§ **What the task requires**:
With pictures left out, output exactly the lines from the line holding "Large Navy Chief's" through the end of the data, both included.

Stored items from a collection
+ + + + + + +

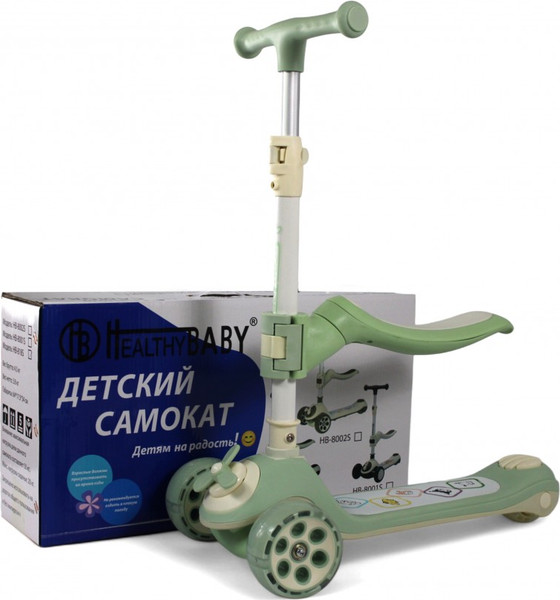 Самокат детский RiverToys HB-8001S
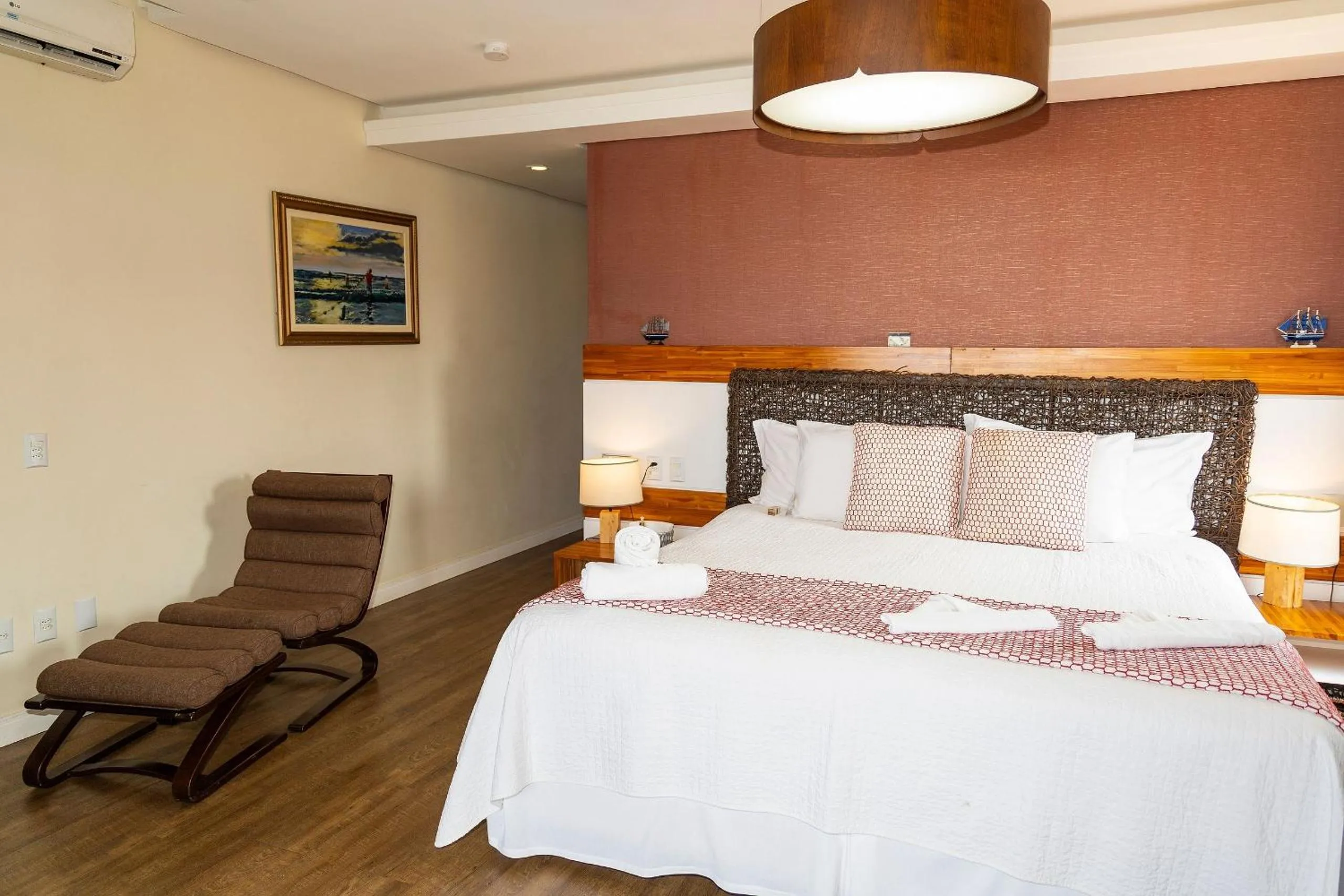 Bed in Hospedaria Refugio das Galés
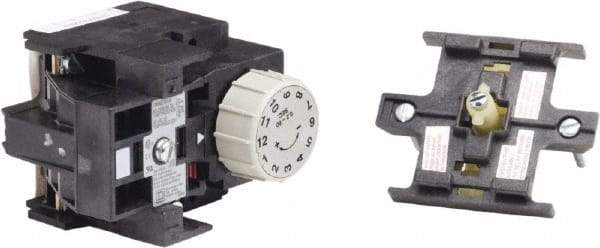 Square D - 8 Inch Long x 5 Inch Wide x 4 Inch High, NEMA Relay Timer Module Attachment - For Use With Pneumatic Timer Relay - Apex Tool & Supply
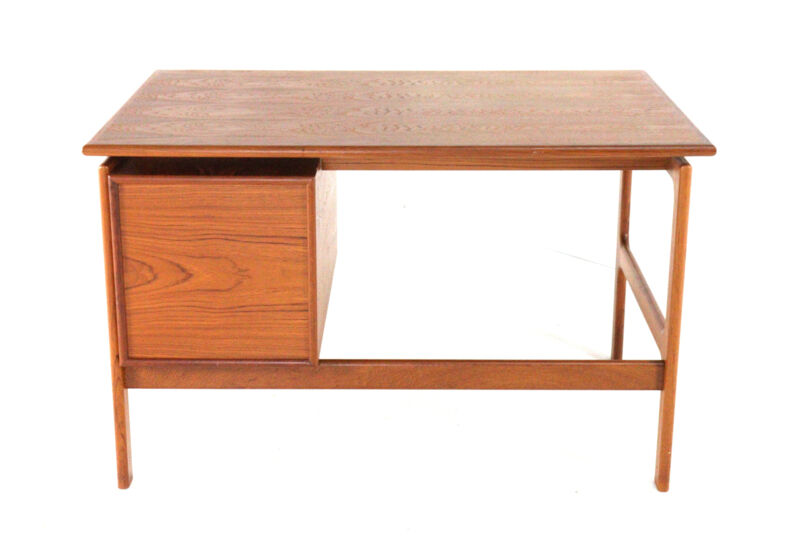 Bureau pour femme Gasvig / GV Møbler - design danois - teck - moderne du milieu du siècle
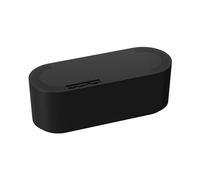 D-Line Boîte Range Câbles - Cache Multiprises et Fils, Gestion des Câbles de Bureau et TV - 325mm x 125mm x 115mm - Petite, Noir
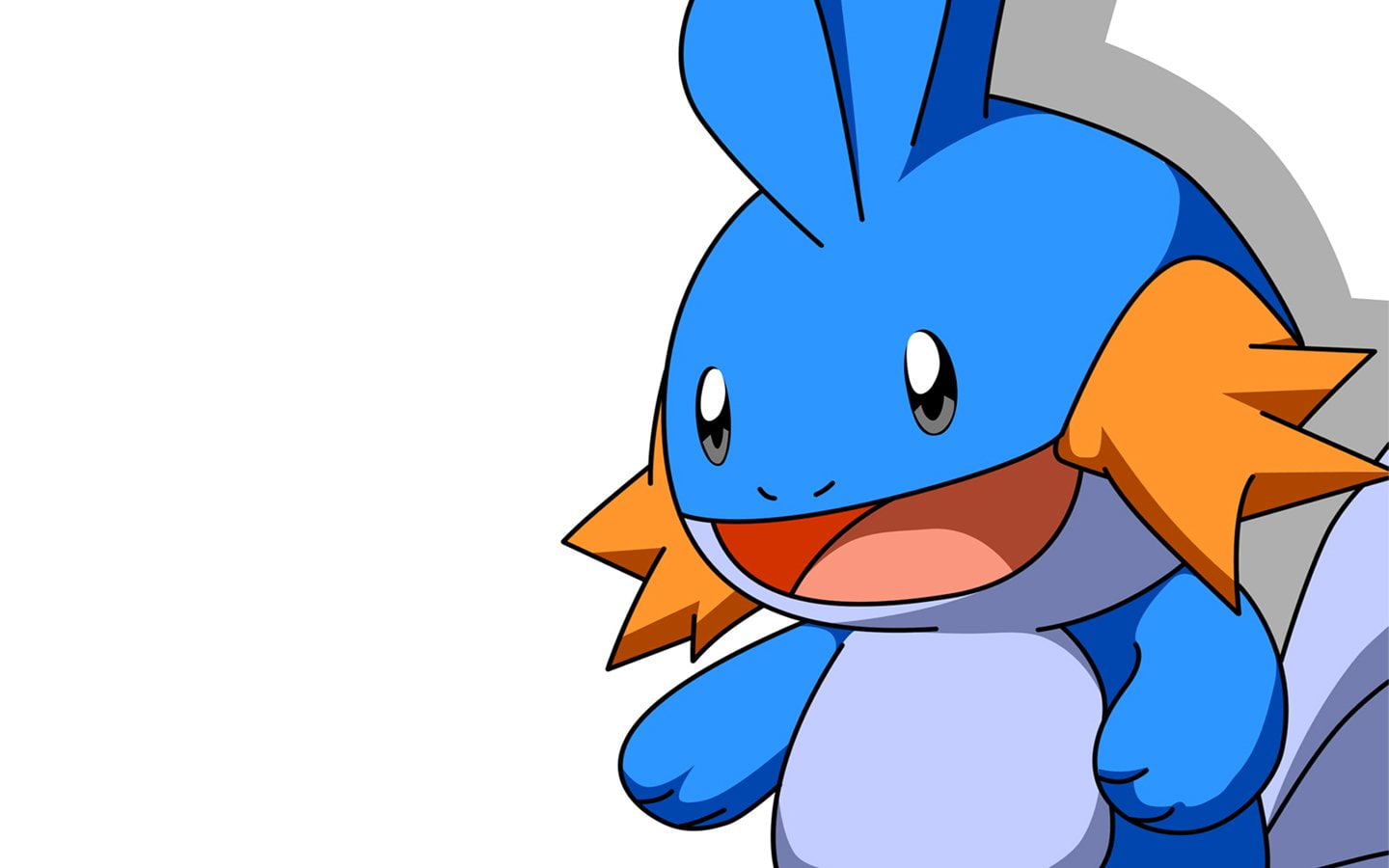 Pokémon, 720P, Mudkip (Pokémon), HD Wallpaper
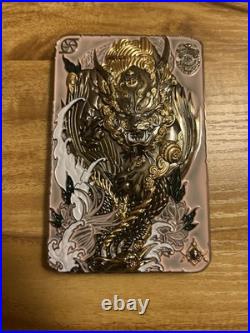 Large Navy Chief's Pride (Pink) Challenge Coin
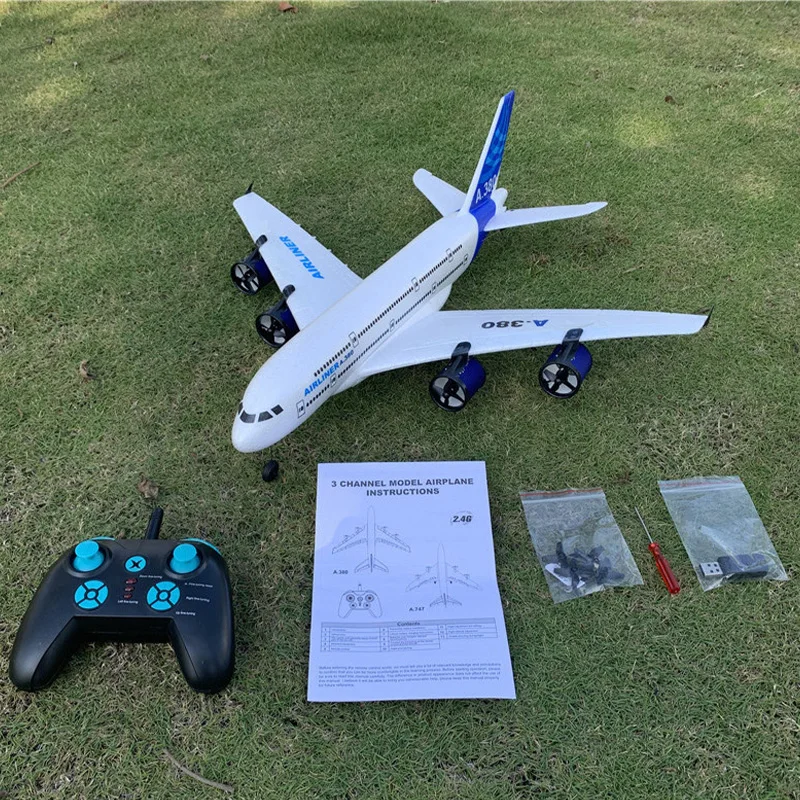 Airbus A380/747 RC Planör RTF - Uçan Maket 61.99€
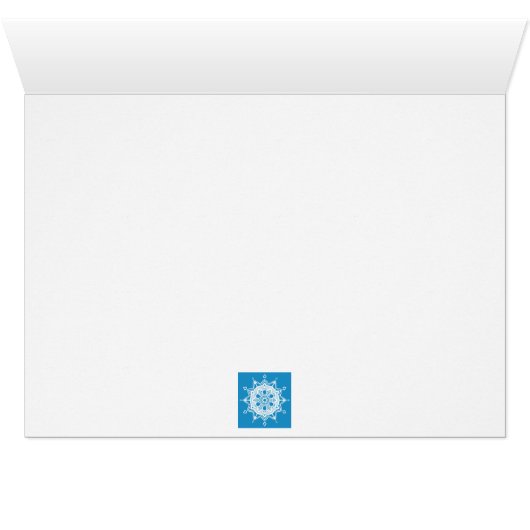 Bluebird Mandala (Inside Horizontal (Bottom))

+ + + + + + +

§ **Exercise output**:
 Large Navy Chief's Pride (Pink) Challenge Coin
 Airbus A380/747 RC Planör RTF - Uçan Maket 61.99€
 Bluebird Mandala (Inside Horizontal (Bottom))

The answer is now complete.